The Loadings are approximately between [-1, 1], because of the normalization and could be interpreted as correlation coefficient, thus each neuron contributed more than 0.20 to the selected principal components (in my case 8 PCs have more than 90% EVR) get a vote.
I transformed the loadings to absolute values, because the negative correlation provide meaning too.
These votes are like a matrix where the columns are the PCs and the rows are the neurons. The values are either 0 or 1 (vote, no vote).
Then, multiplying the normalized EV and sum the weights of the votes for each neuron, yield how the weight of each neuron representing his contribution to PCA.
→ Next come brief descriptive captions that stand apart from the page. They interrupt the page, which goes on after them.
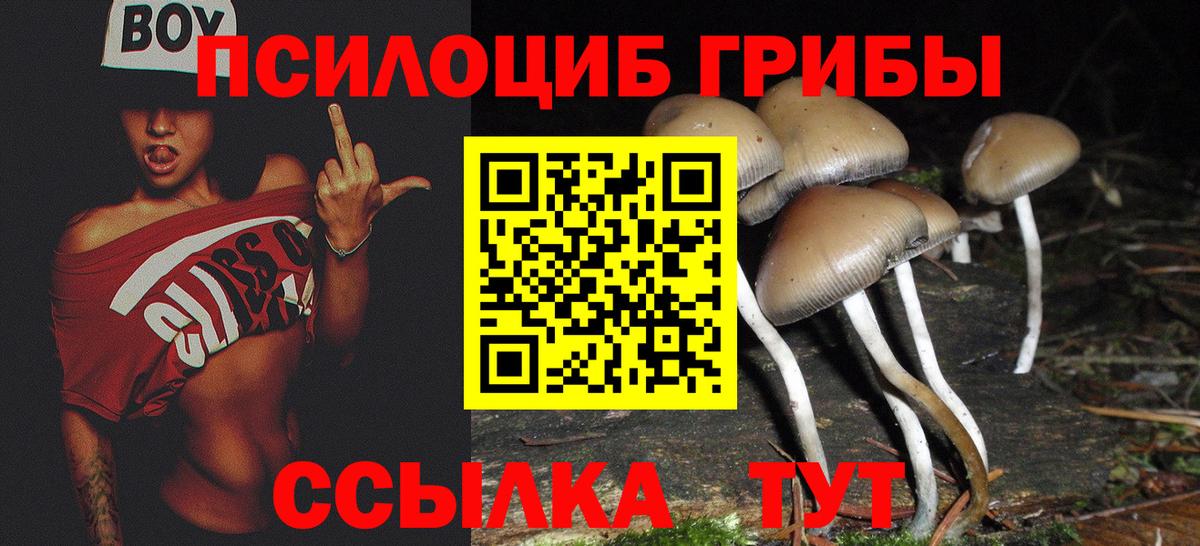 Шахты  Галлюциногенные грибы Psilocybine cubensis  Псилоцибиновые грибы мицелий  Вход с VPN 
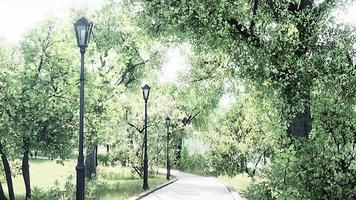 Malerischer Blick auf einen gewundenen Steinweg durch einen friedlichen grünen Stadtpark
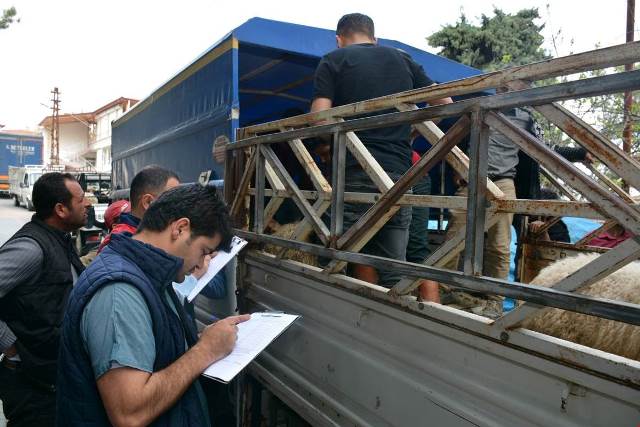 Altınözünde genç çiftçilere hayvan dağıtımı yapıldı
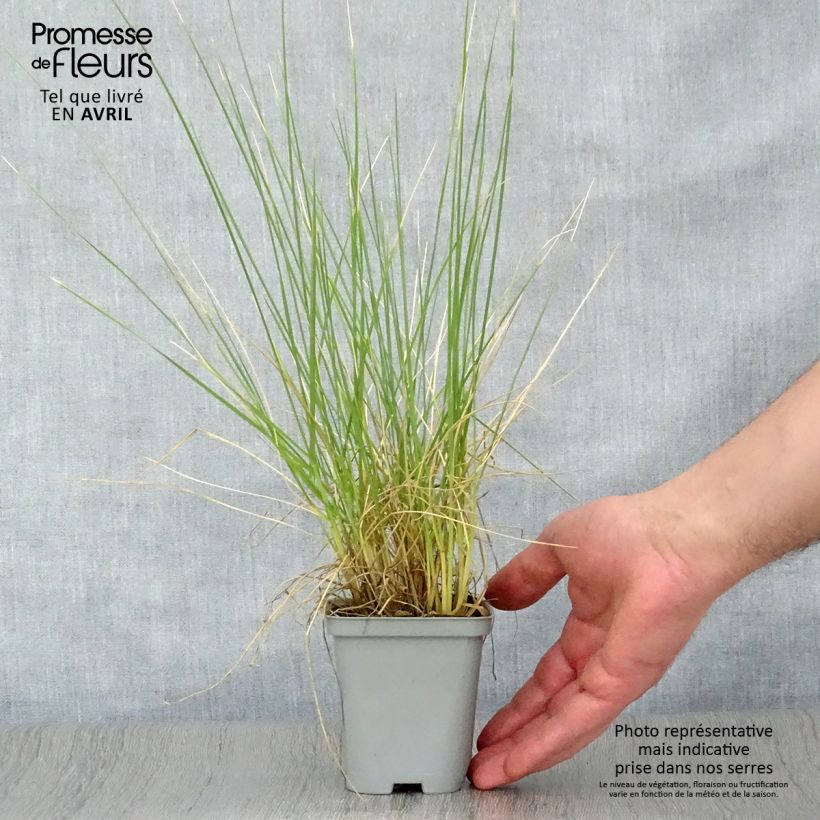 Example of Atlasnata - Festuca mairei Godet de 8/9 cm as you get in printemps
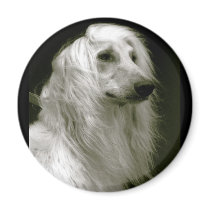 Afghan Hound Magnet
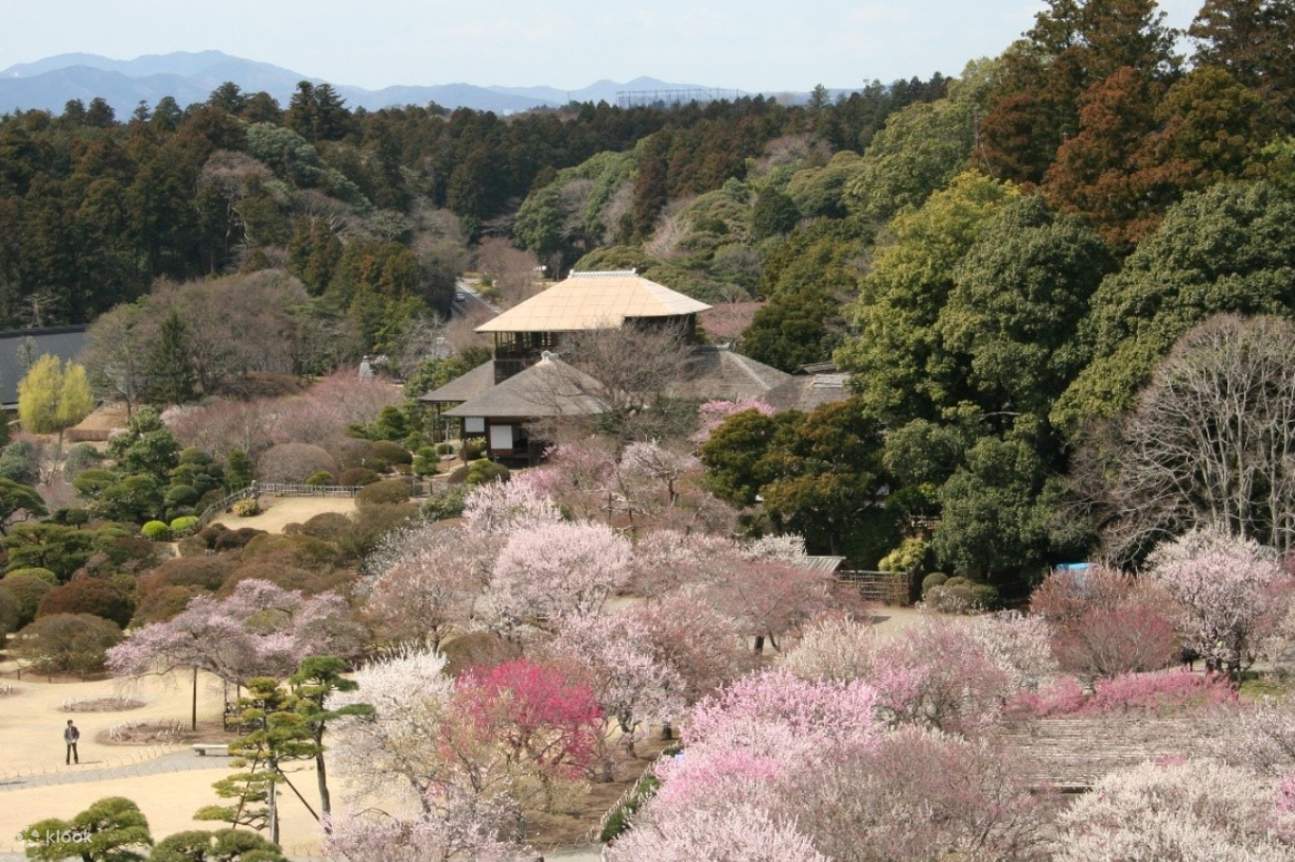 Billet d'entrée au jardin principal de Kairakuen (Ibaraki)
The maximum weight a neuron can has is 1, and the lowest is 0.
Now it is just a matter of selecting the number of neurons.
For me, I did two splits:
- Greater than the mean: where I select all neurons that contributed more than the mean of weights.
- Top Third: where I sort the weights in descending order and select only top third.
Example: if my last hidden layer has 80 neurons, top third will select top 26 neurons. On the other hand, greater than the mean might select 40 or not, depending on the weights of the neurons if there are neurons that have very high or very low weights might skew the selection. In my case, the greater than the mean always halved the number +-2.
Finally, I only used the normal PCA provided by scikit-learn:
https://scikit-learn.org/stable/modules/generated/sklearn.decomposition.PCA.html
I didn't have time to test other flavors of PCA.
P.S: I am not aware of any work that is utilizing the PCA's loadings as I discussed previously. Thus, I don't have any reference. But if there are any, kindly share it here.